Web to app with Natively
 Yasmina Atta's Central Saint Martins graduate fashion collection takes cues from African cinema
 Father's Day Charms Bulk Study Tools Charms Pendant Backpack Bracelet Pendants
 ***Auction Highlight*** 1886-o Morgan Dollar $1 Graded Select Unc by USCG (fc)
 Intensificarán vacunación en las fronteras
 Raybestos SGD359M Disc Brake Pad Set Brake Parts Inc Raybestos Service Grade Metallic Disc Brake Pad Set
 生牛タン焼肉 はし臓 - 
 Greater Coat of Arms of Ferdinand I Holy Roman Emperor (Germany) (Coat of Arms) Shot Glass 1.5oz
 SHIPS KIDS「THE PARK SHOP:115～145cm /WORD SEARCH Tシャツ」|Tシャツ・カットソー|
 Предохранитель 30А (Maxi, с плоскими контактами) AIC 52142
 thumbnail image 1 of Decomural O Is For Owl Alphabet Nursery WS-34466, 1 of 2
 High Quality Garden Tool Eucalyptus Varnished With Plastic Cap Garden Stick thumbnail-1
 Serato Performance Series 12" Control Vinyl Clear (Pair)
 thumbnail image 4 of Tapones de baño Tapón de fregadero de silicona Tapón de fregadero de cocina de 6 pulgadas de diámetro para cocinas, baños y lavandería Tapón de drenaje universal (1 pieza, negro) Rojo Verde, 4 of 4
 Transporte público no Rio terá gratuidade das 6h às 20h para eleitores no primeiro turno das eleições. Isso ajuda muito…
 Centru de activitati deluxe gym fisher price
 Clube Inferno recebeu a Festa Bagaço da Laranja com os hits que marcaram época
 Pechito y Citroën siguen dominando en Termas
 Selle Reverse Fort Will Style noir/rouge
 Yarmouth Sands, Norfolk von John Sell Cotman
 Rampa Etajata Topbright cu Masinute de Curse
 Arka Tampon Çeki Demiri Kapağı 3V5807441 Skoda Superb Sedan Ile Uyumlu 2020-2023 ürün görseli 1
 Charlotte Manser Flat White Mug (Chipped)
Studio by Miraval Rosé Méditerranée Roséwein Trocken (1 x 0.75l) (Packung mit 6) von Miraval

============================================================

WHAT THIS TASK INVOLVES
The answer should be the complete set of records, printed exactly.

TASK RESULT
Web to app with Natively
 Yasmina Atta's Central Saint Martins graduate fashion collection takes cues from African cinema
 Father's Day Charms Bulk Study Tools Charms Pendant Backpack Bracelet Pendants
 ***Auction Highlight*** 1886-o Morgan Dollar $1 Graded Select Unc by USCG (fc)
 Intensificarán vacunación en las fronteras
 Raybestos SGD359M Disc Brake Pad Set Brake Parts Inc Raybestos Service Grade Metallic Disc Brake Pad Set
 生牛タン焼肉 はし臓 - 
 Greater Coat of Arms of Ferdinand I Holy Roman Emperor (Germany) (Coat of Arms) Shot Glass 1.5oz
 SHIPS KIDS「THE PARK SHOP:115～145cm /WORD SEARCH Tシャツ」|Tシャツ・カットソー|
 Предохранитель 30А (Maxi, с плоскими контактами) AIC 52142
 thumbnail image 1 of Decomural O Is For Owl Alphabet Nursery WS-34466, 1 of 2
 High Quality Garden Tool Eucalyptus Varnished With Plastic Cap Garden Stick thumbnail-1
 Serato Performance Series 12" Control Vinyl Clear (Pair)
 thumbnail image 4 of Tapones de baño Tapón de fregadero de silicona Tapón de fregadero de cocina de 6 pulgadas de diámetro para cocinas, baños y lavandería Tapón de drenaje universal (1 pieza, negro) Rojo Verde, 4 of 4
 Transporte público no Rio terá gratuidade das 6h às 20h para eleitores no primeiro turno das eleições. Isso ajuda muito…
 Centru de activitati deluxe gym fisher price
 Clube Inferno recebeu a Festa Bagaço da Laranja com os hits que marcaram época
 Pechito y Citroën siguen dominando en Termas
 Selle Reverse Fort Will Style noir/rouge
 Yarmouth Sands, Norfolk von John Sell Cotman
 Rampa Etajata Topbright cu Masinute de Curse
 Arka Tampon Çeki Demiri Kapağı 3V5807441 Skoda Superb Sedan Ile Uyumlu 2020-2023 ürün görseli 1
 Charlotte Manser Flat White Mug (Chipped)
Studio by Miraval Rosé Méditerranée Roséwein Trocken (1 x 0.75l) (Packung mit 6) von Miraval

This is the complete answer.